[What you need to do] For this exercise, copy all the data exactly and include none of the pictures.

[Data extract]

_ _ _

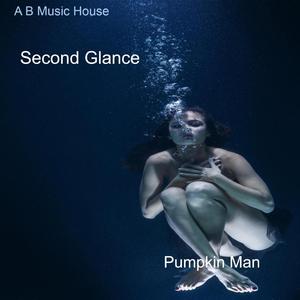 Second Glance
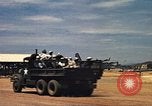 Image of Grumman HU-16B Albatross Vietnam, 1965, second 10 stock footage video 65675064020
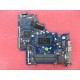 HP Genuine 15-BS 924756-501 924756-601 LA-E801P i5-7200U 2G Original Laptop Motherboard HP Genuine 15-BS 924756-501 924756-601 LA-E801P i5-7200U 2G Original Laptop Motherboard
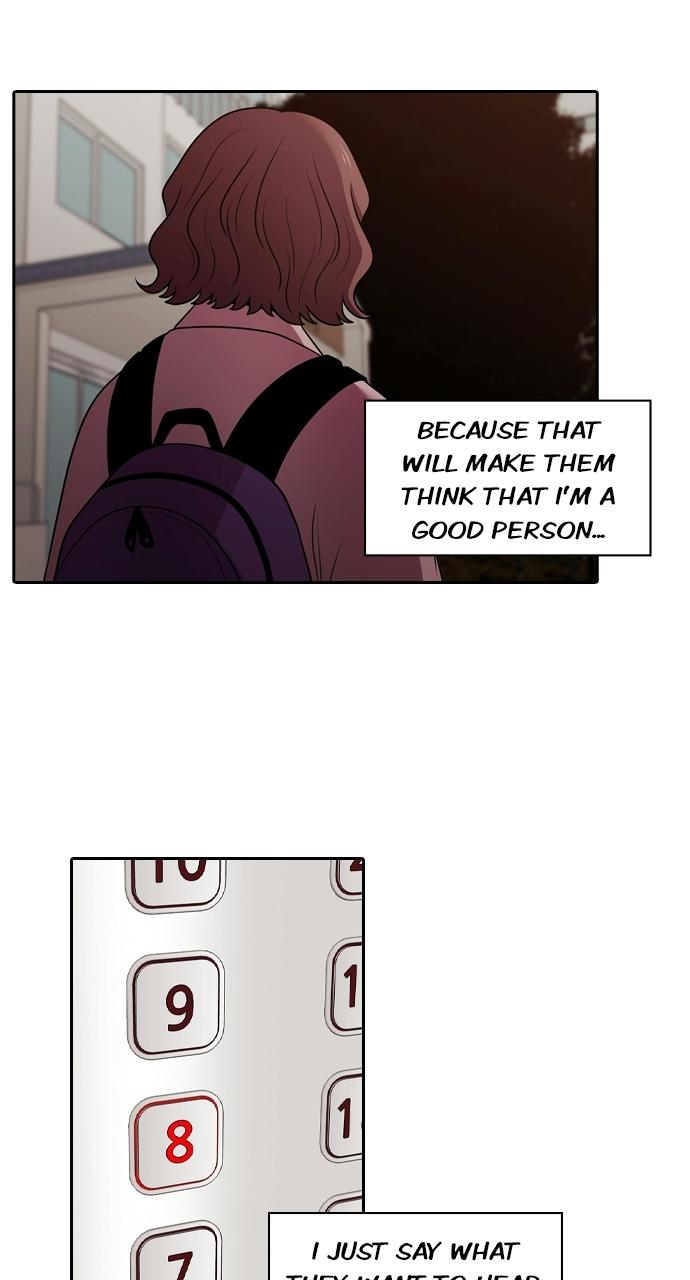 Tomorrow Chapter 123 - Page 67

_ _ _

[Solved problem]
 Second Glance
 Image of Grumman HU-16B Albatross Vietnam, 1965, second 10 stock footage video 65675064020
 HP Genuine 15-BS 924756-501 924756-601 LA-E801P i5-7200U 2G Original Laptop Motherboard HP Genuine 15-BS 924756-501 924756-601 LA-E801P i5-7200U 2G Original Laptop Motherboard
 Tomorrow Chapter 123 - Page 67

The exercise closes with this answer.